EXERCISE: Print every line below exactly as written, but leave the pictures behind.

Caption-style text data:
────────

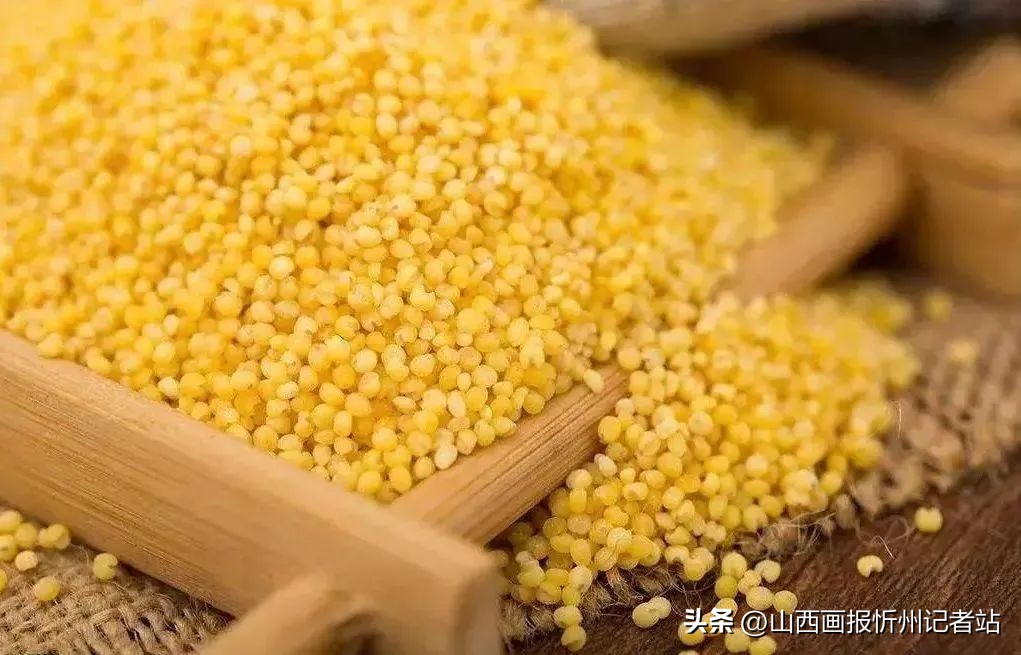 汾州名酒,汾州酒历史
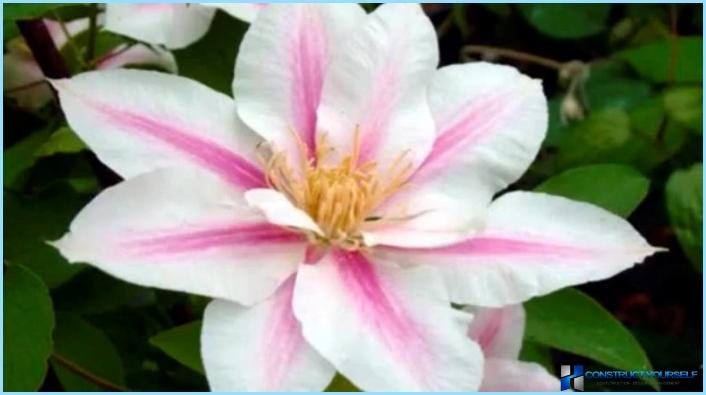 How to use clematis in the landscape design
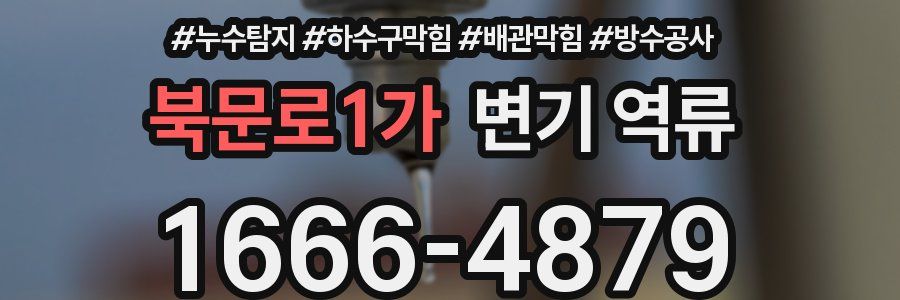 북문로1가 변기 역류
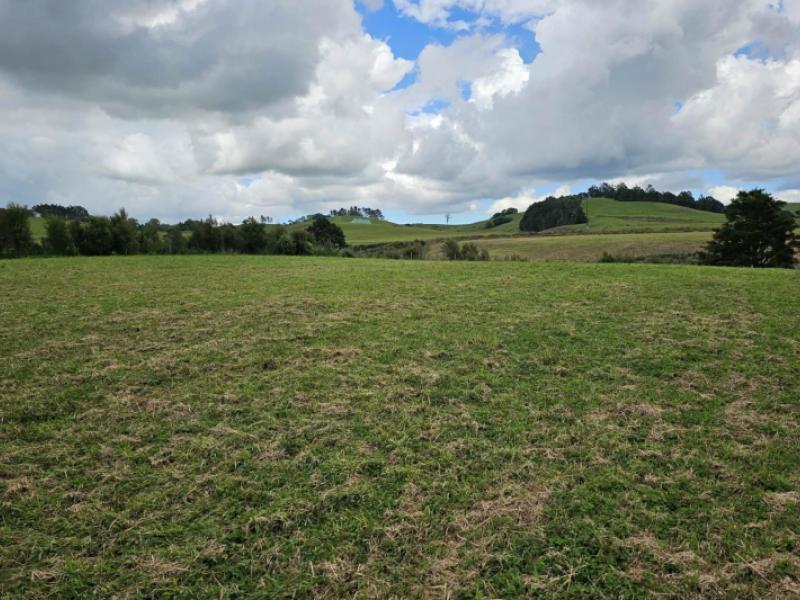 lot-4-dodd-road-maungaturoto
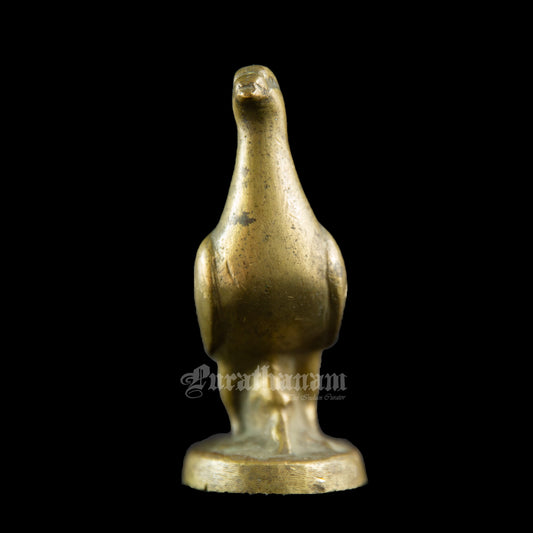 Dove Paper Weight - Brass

────────

ANSWER TO THIS TASK:
 汾州名酒,汾州酒历史
 How to use clematis in the landscape design
 북문로1가 변기 역류
 lot-4-dodd-road-maungaturoto
 Dove Paper Weight - Brass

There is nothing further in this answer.